* Task directions
From the line that contains "Fregadero Texas Doble" to the last line of the data below, transcribe every line exactly. Do not include the pictures.

[Records from a data source]
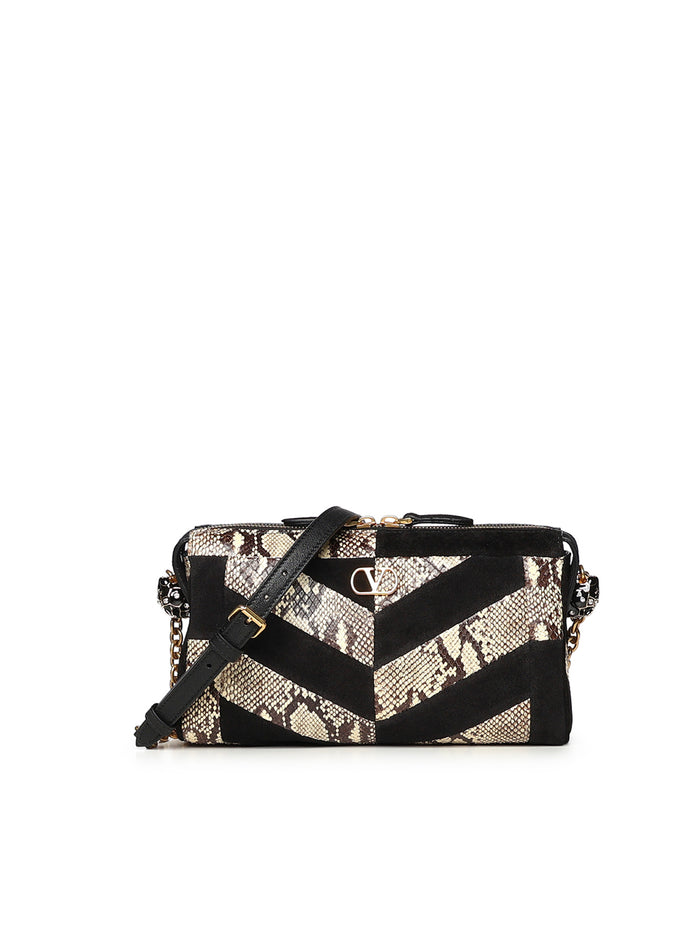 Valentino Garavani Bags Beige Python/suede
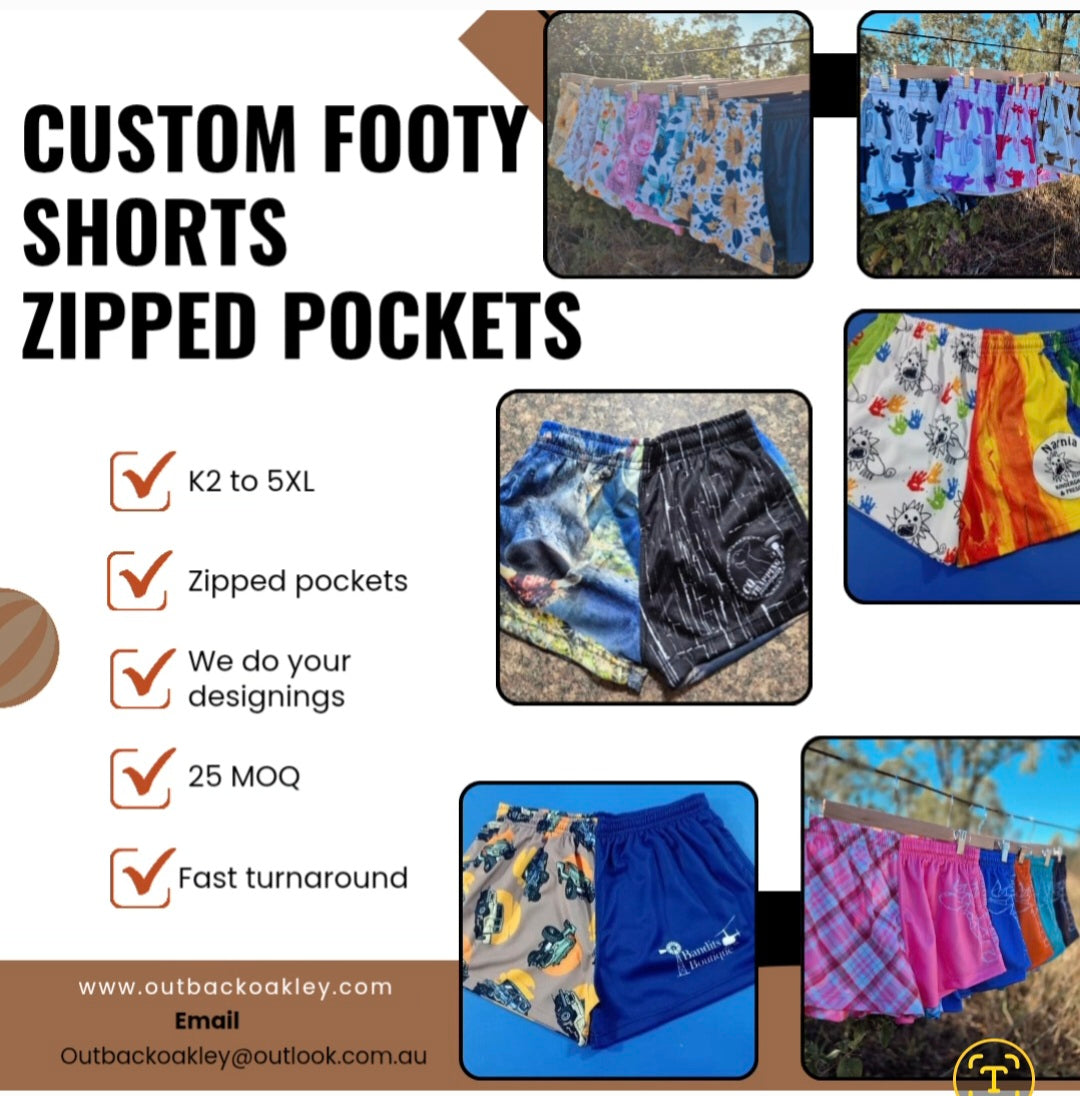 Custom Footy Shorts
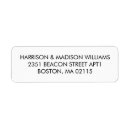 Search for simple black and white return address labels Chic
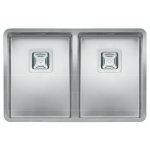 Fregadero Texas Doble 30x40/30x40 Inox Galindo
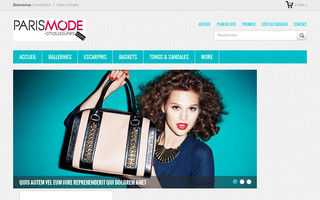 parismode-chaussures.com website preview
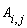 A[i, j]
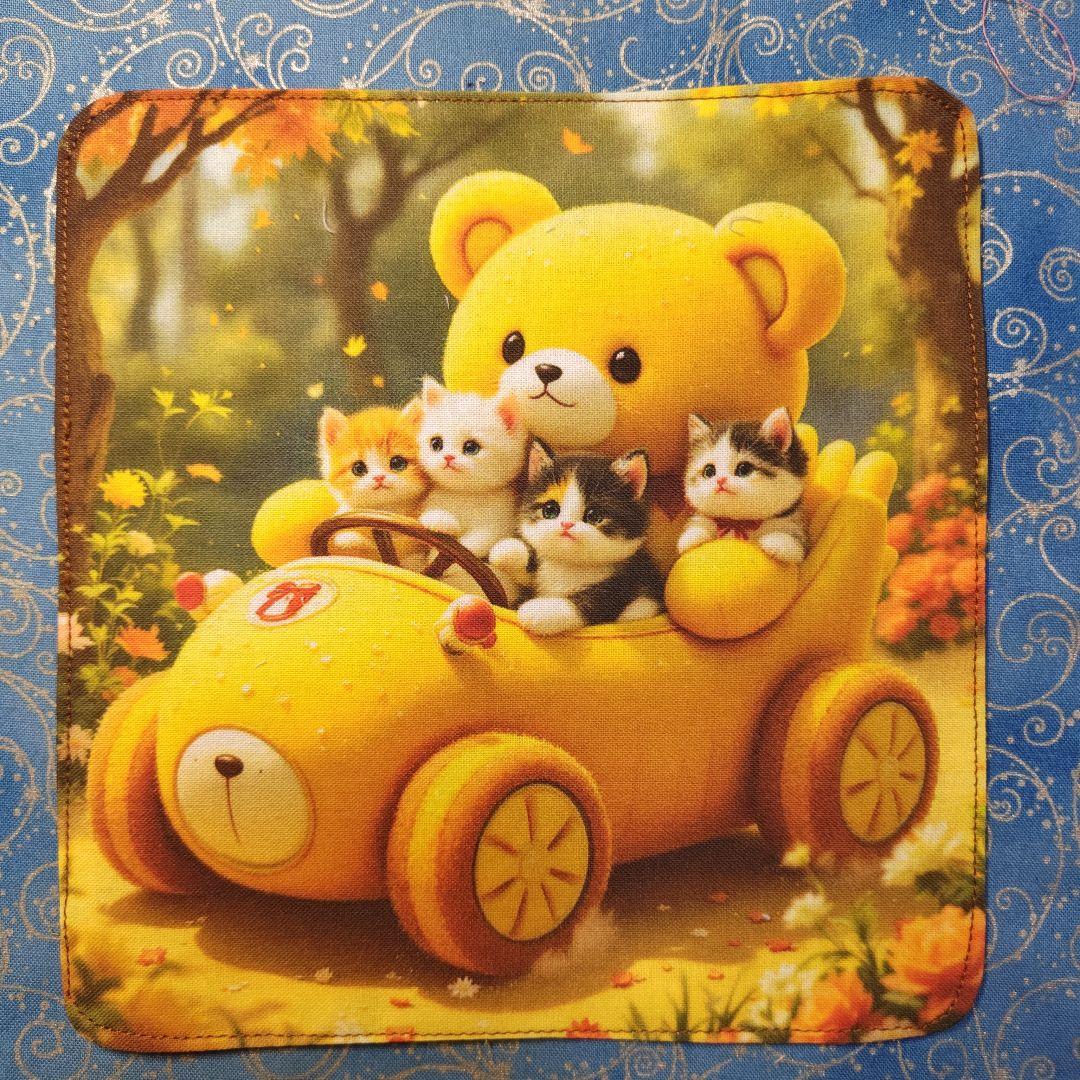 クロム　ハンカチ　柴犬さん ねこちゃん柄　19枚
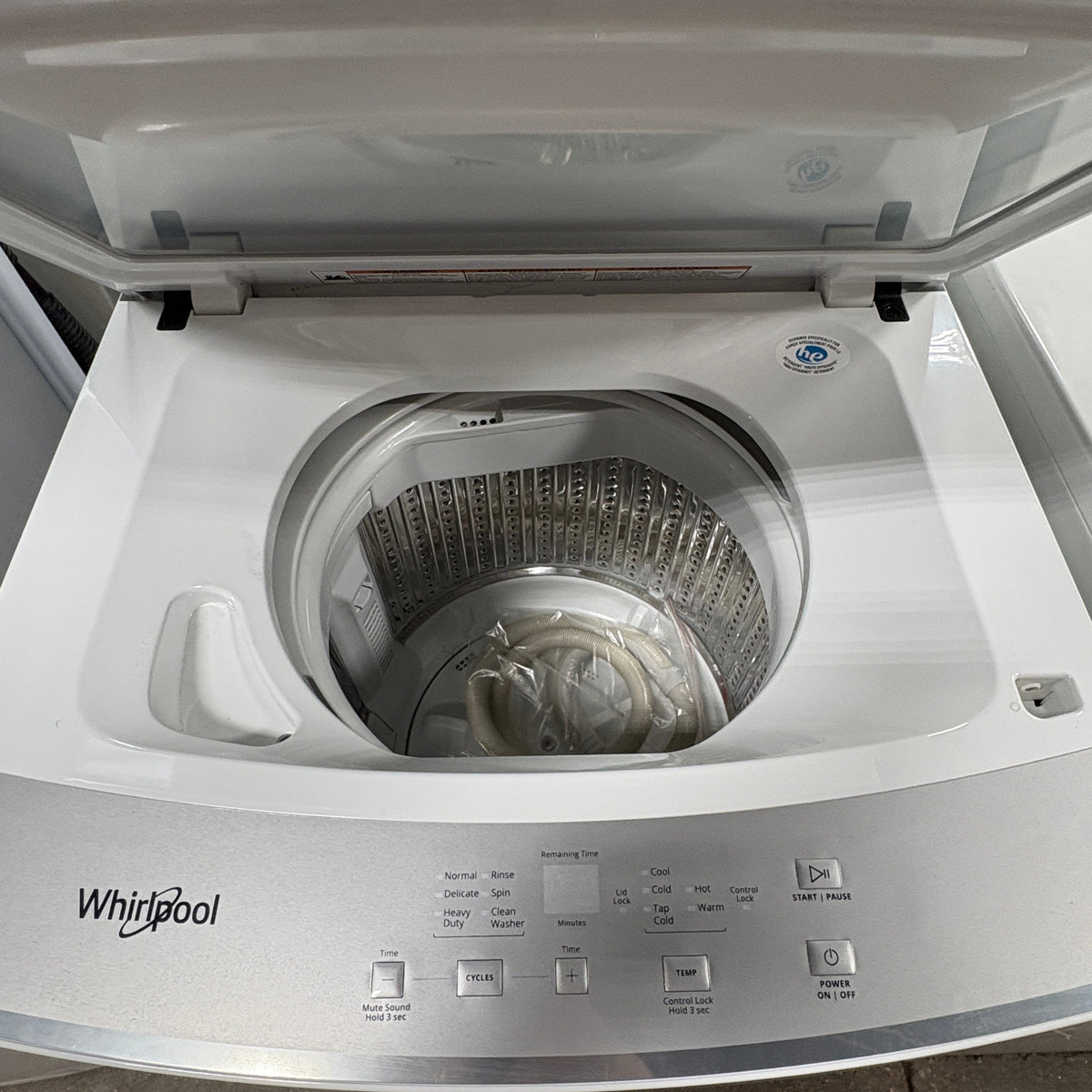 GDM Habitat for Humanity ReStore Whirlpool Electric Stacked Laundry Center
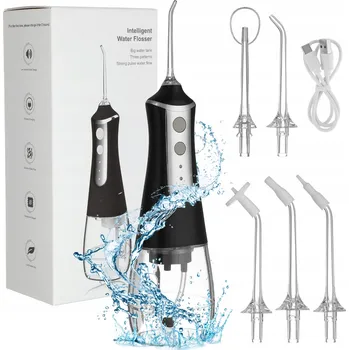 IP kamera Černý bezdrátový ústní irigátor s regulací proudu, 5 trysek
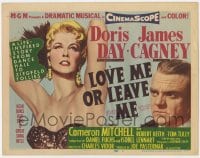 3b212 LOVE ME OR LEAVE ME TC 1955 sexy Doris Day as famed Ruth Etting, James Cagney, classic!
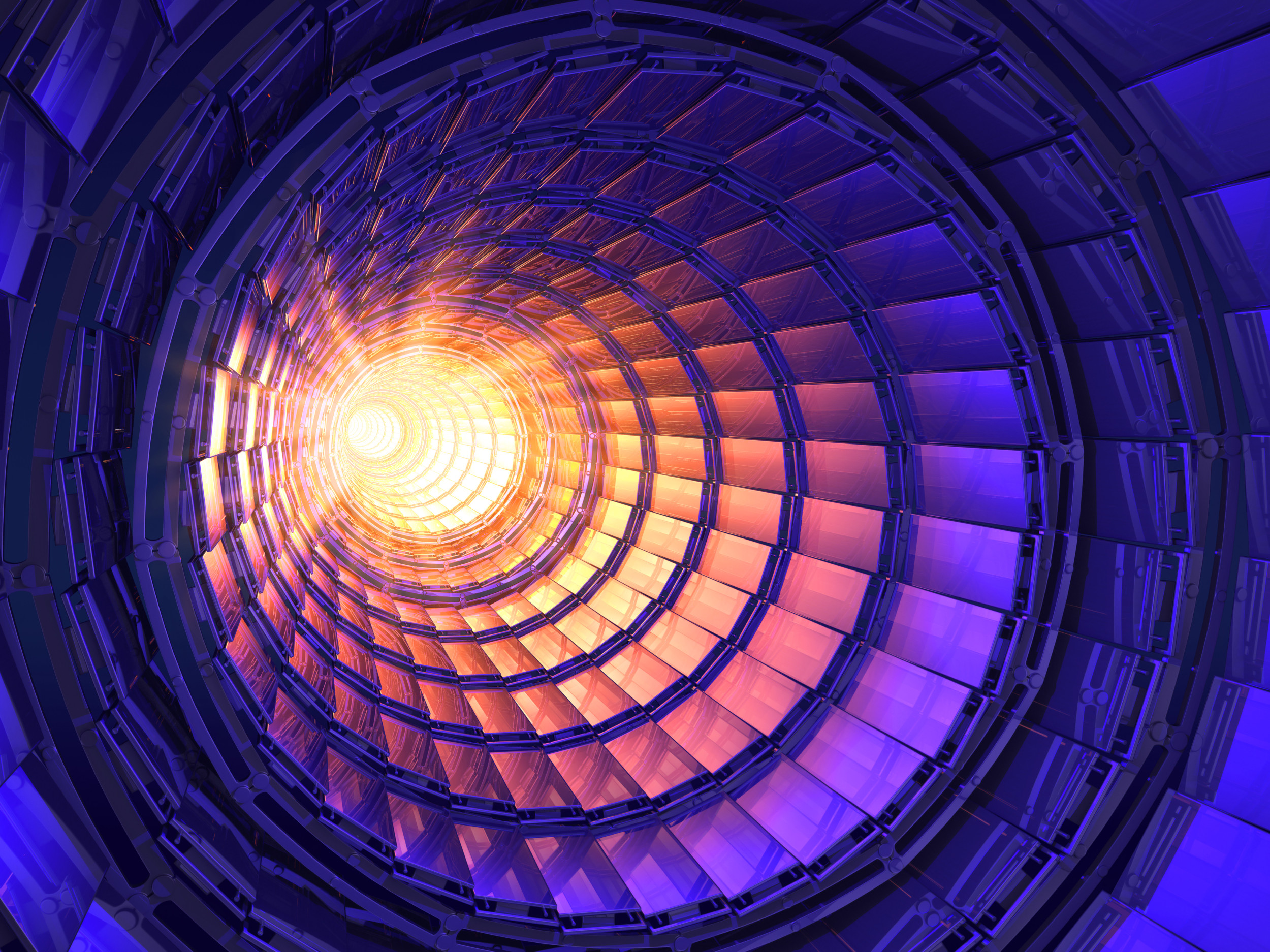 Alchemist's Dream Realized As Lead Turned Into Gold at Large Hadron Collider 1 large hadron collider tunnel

* Exercise solution
 Fregadero Texas Doble 30x40/30x40 Inox Galindo
 parismode-chaussures.com website preview
 A[i, j]
 クロム　ハンカチ　柴犬さん ねこちゃん柄　19枚
 GDM Habitat for Humanity ReStore Whirlpool Electric Stacked Laundry Center
 IP kamera Černý bezdrátový ústní irigátor s regulací proudu, 5 trysek
 3b212 LOVE ME OR LEAVE ME TC 1955 sexy Doris Day as famed Ruth Etting, James Cagney, classic!
 Alchemist's Dream Realized As Lead Turned Into Gold at Large Hadron Collider 1 large hadron collider tunnel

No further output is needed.